> **Work order**
An exact retyping of every record is required.

> **Supplied information**
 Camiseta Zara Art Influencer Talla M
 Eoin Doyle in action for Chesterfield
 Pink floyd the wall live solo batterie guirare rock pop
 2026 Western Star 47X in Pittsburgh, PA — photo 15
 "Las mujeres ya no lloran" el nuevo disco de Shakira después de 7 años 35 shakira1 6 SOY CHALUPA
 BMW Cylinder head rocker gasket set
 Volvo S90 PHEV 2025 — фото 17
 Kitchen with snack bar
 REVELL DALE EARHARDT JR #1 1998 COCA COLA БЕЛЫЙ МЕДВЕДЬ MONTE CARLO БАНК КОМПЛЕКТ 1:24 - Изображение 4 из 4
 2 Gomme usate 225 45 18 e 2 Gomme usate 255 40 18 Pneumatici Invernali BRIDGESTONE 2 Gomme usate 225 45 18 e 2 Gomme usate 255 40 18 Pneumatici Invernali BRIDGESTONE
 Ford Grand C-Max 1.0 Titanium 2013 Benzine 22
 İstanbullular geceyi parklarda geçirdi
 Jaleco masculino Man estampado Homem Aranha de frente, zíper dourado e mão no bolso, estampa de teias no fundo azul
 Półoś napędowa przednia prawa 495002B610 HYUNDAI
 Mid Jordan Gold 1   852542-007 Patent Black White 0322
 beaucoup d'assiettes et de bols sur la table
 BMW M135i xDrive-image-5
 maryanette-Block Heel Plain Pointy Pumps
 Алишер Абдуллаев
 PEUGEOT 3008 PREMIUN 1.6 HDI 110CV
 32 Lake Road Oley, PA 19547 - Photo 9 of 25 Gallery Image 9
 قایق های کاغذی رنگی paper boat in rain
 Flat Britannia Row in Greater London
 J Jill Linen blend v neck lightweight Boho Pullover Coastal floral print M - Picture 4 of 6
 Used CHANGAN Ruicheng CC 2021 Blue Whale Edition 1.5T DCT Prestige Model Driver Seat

> **Answer for this exercise**
 Camiseta Zara Art Influencer Talla M
 Eoin Doyle in action for Chesterfield
 Pink floyd the wall live solo batterie guirare rock pop
 2026 Western Star 47X in Pittsburgh, PA — photo 15
 "Las mujeres ya no lloran" el nuevo disco de Shakira después de 7 años 35 shakira1 6 SOY CHALUPA
 BMW Cylinder head rocker gasket set
 Volvo S90 PHEV 2025 — фото 17
 Kitchen with snack bar
 REVELL DALE EARHARDT JR #1 1998 COCA COLA БЕЛЫЙ МЕДВЕДЬ MONTE CARLO БАНК КОМПЛЕКТ 1:24 - Изображение 4 из 4
 2 Gomme usate 225 45 18 e 2 Gomme usate 255 40 18 Pneumatici Invernali BRIDGESTONE 2 Gomme usate 225 45 18 e 2 Gomme usate 255 40 18 Pneumatici Invernali BRIDGESTONE
 Ford Grand C-Max 1.0 Titanium 2013 Benzine 22
 İstanbullular geceyi parklarda geçirdi
 Jaleco masculino Man estampado Homem Aranha de frente, zíper dourado e mão no bolso, estampa de teias no fundo azul
 Półoś napędowa przednia prawa 495002B610 HYUNDAI
 Mid Jordan Gold 1   852542-007 Patent Black White 0322
 beaucoup d'assiettes et de bols sur la table
 BMW M135i xDrive-image-5
 maryanette-Block Heel Plain Pointy Pumps
 Алишер Абдуллаев
 PEUGEOT 3008 PREMIUN 1.6 HDI 110CV
 32 Lake Road Oley, PA 19547 - Photo 9 of 25 Gallery Image 9
 قایق های کاغذی رنگی paper boat in rain
 Flat Britannia Row in Greater London
 J Jill Linen blend v neck lightweight Boho Pullover Coastal floral print M - Picture 4 of 6
 Used CHANGAN Ruicheng CC 2021 Blue Whale Edition 1.5T DCT Prestige Model Driver Seat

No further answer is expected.